Porsche has teamed up with an unlikely bedfellow, perhaps as a signal of how the automaker will keep its engine building operations thriving in an era of electrification.
Top Gear has learned that Porsche, specifically Porsche Motorsport North America, will supply tuning firm Singer with bespoke engines for use in its restomodding business. Some of the engines will even be built by Porsche to Singer's own specification.
The engines won't be built from scratch, though. In a statement to Top Gear, Porsche referred to the engines as “remanufactured” units, suggesting they will be rebuilt versions of existing engines.
The production will be handled at Porsche Motorsport North America's headquarters which form part of the Porsche Experience Centre in Los Angeles.

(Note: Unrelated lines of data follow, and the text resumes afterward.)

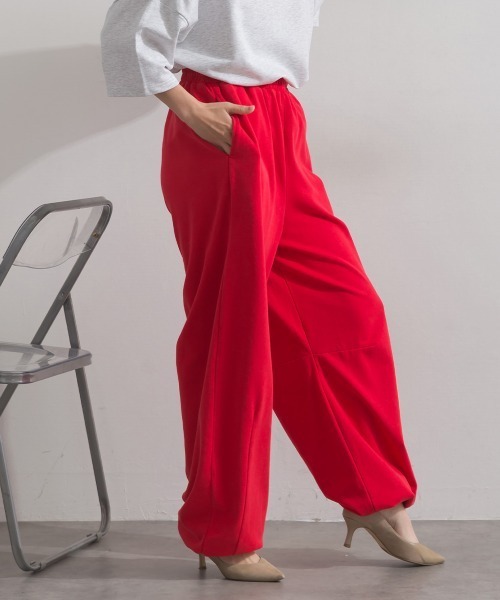enhaut(アンオート)の「裏毛ケミカルパウダー加工 スウェット バレルレッグ パンツ(スウェットパンツ・レディース・オートミール/チャコールグレー/レッド・FREE)」の13枚目の写真
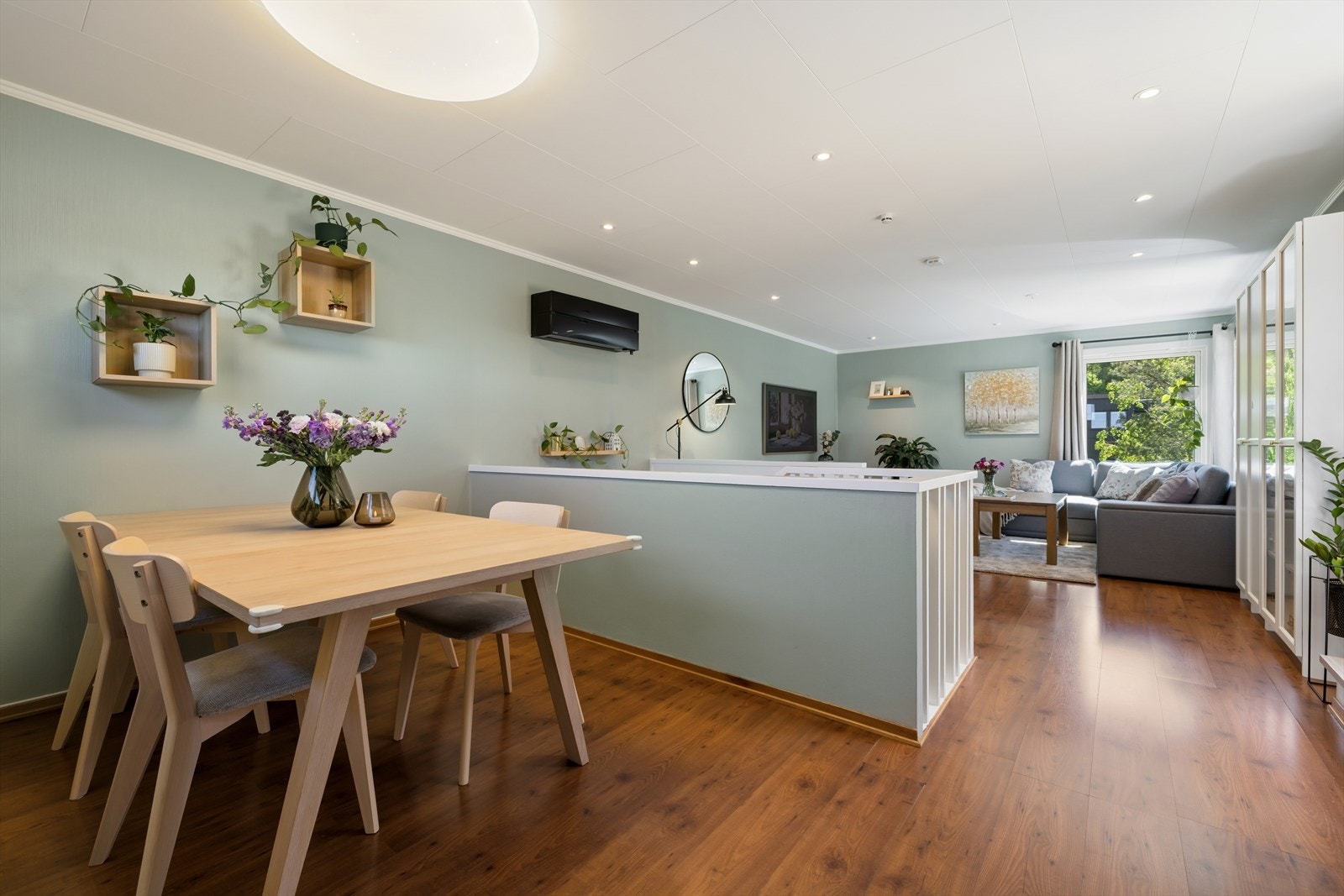 God plass til et stort spisebord for hyggelige sammenkomster. Galleribilde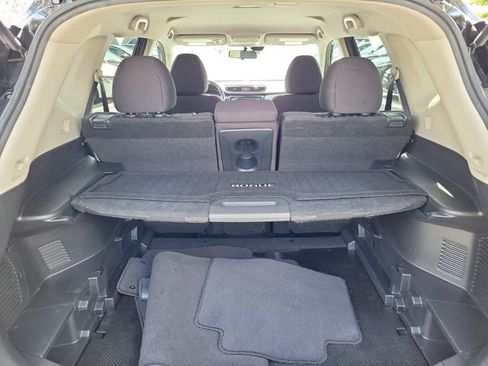 Used 2020 Nissan Rogue S w/ Special Edition Package FWD image 9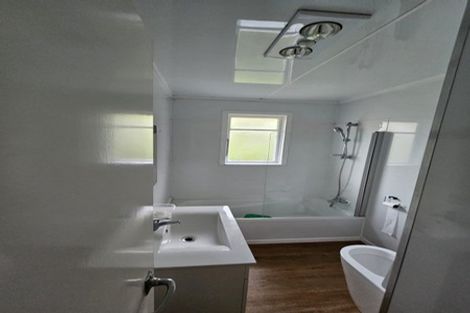 Photo of property in 7 Balmain Street, Newlands, Wellington, 6037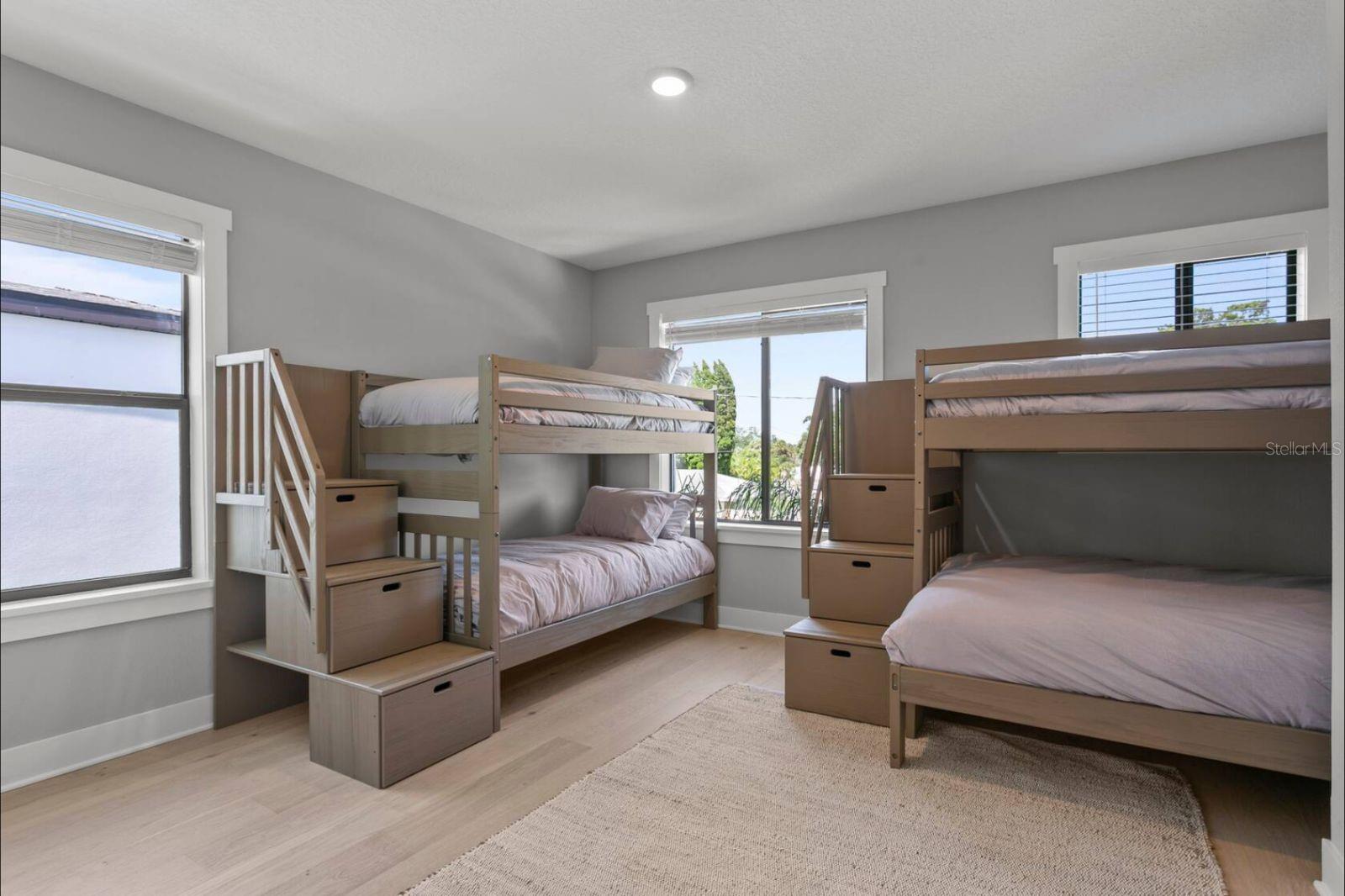 COLLINS ADD EXT BLK - Residential Lease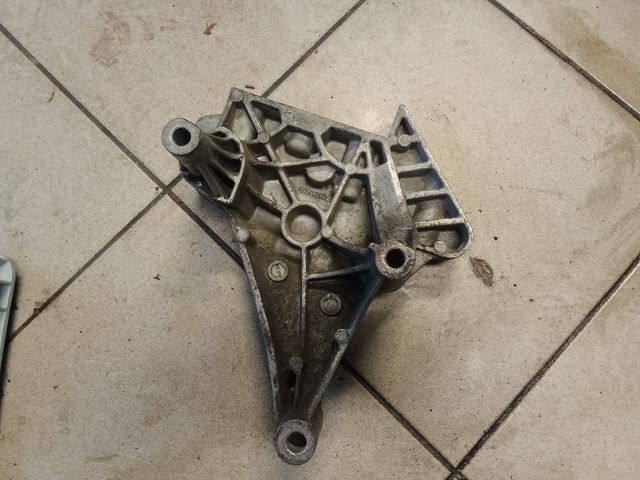 bontott VW GOLF V Motor Tartó Bak (Pozíciófüggetlen)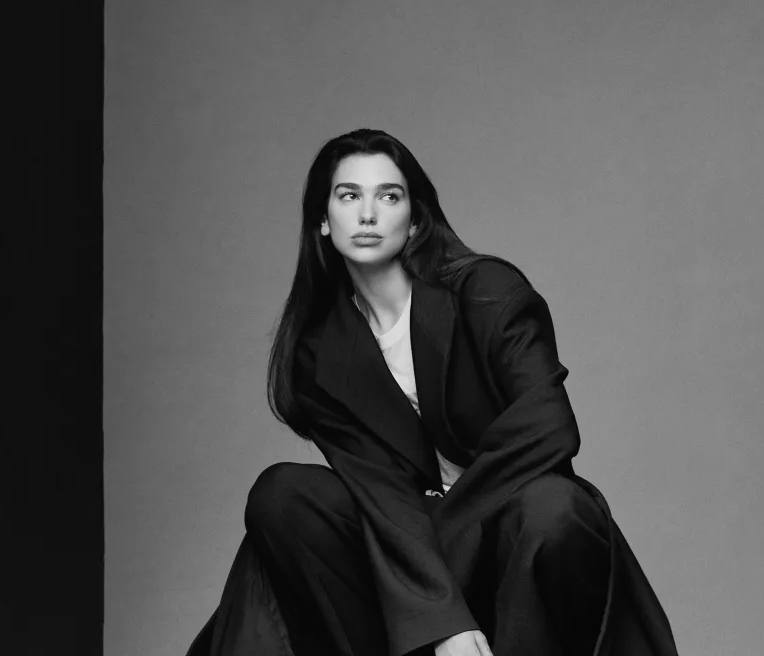Dua Lipa bën thirrje për armëpushim në Gaza: Nga përvoja në Kosovë, unë e di çfarë bën lufta Screenshot 2024 01 17 122710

It's not the first time that Singer has called on an outside supplier for engines. For the engine in its DLS-spec 911, Singer called on the Williams Formula One team's Williams Advanced Engineering technology offshoot for development. That particular engine, a 4.0-liter flat-6 that revs to 9,000 rpm and spits out 500 hp, isn't part of the deal forged between Singer and Porsche.
Singer has been modifying old 911s since the 2000s, with founder Rob Dickinson establishing the company following the interest garnered by a 1969 911E he restored back in 2003. While Porsche is appreciative of Singer helping keep old Porsches on the road, the two company's have butt heads in the past over Singer using the Porsche name on some of its vehicles.